INTERVIEW (Part II): Health Care Policy Expert Talks About What Free Market Reform Actually Looks Like
Nurses in the accident and emergency dept of Selly Oak Hospital work during a busy shift on March 16, 2010 in Birmingham, England.
Photo by Christopher Furlong/Getty Images

The Democratic presidential primary has consolidated into a showdown between former Vice President Joe Biden and Sen. Bernie Sanders (I-VT). One of the key issues on which the Democratic candidates are running is health care.

While the progressive gold standard seems to be a single-payer system, there’s a break within the party, with some preferring a more “moderate” approach to reform. Both Biden and Sanders have presented health care plans that would greatly expand the role of the federal government, and increase government spending by billions to trillions of dollars over a decade.

The “Medicare for All” plan put forth by Sanders is estimated to cost more than $32 trillion over a decade, while Biden’s plan is estimated to cost approximately $750 billion.

The Daily Wire recently spoke with health care policy expert Avik Roy about Medicare for All and the Biden plan, as well as what more conservative, free market solutions would look like. Roy is the co-founder and president of the Foundation for Research on Equal Opportunity (FREOPP), which “conducts original research on expanding economic opportunity to those who least have it,” according to the organization’s official website.
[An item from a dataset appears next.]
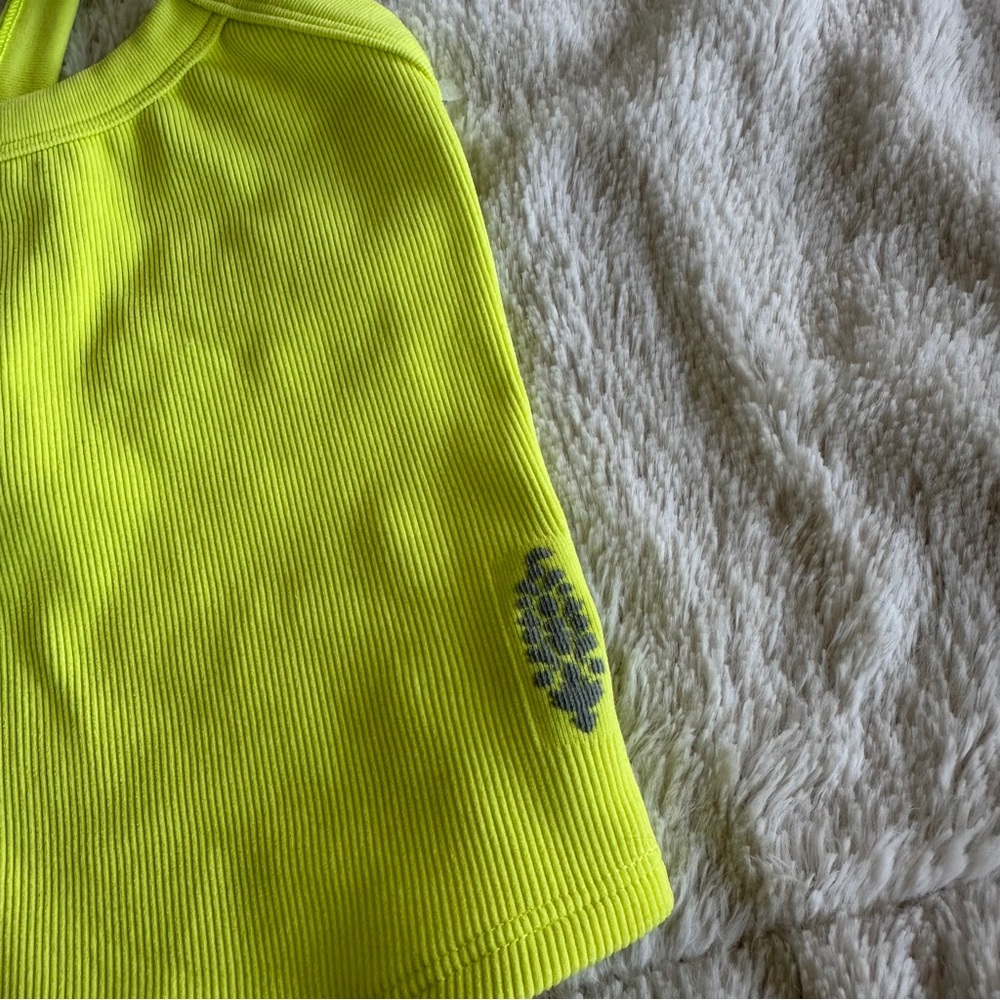 NWOT FP Movement All Clear Racerback Ribbed Crop Cami Tank, M/L - Picture 3 of 5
In part one of this three-part interview, which you can read here, Roy discussed what “Medicare for All” really means, the flaws of such a system, the dangers of the “moderate” counterpoint, and if a nation can achieve so-called universal coverage without a health care mandate.
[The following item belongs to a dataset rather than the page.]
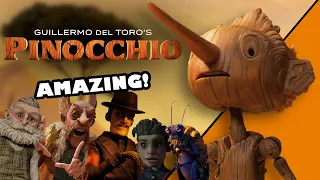 Del Toro's Pinocchio is AMAZING!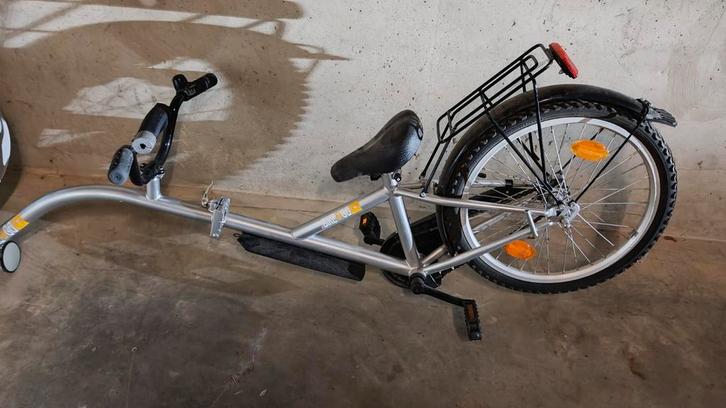 Aanhangfiets, Fietsen en Brommers, Fietsaccessoires | Aanhangwagens en Karren, Zo goed als nieuw, Ophalen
In part two, Roy talks about how the current health care system in the United States is neither free market nor government-run, and what a conservative solution could look like.

DW: Can you describe the United States health care system as it compares to a free market system versus a much more regulated system? Are we not somewhere in between?

ROY: That’s exactly right, we’re somewhere in between. We’re not a 100% public system, and we’re not a 100% private system. We’re somewhere in between. Roughly half of all health expenditures – and actually more if you define it in certain ways – are paid for by the taxpayer through taxes and spending. It’s more like two-thirds of all health care spending in America is public spending if you include the value of the exclusion from taxation of employer-sponsored coverage, which is effectively a form of subsidy for that kind of coverage. So, if you put all that together, it’s like two-thirds. If you don’t include the tax expenditures, it’s more like half. The government’s role in health care in America is considerable and growing all the time. It’s a misperception out there that the American health care system is a free market system, and European countries are all socialists. That’s not true at all. There are countries in Europe that are much more market-oriented than the United States.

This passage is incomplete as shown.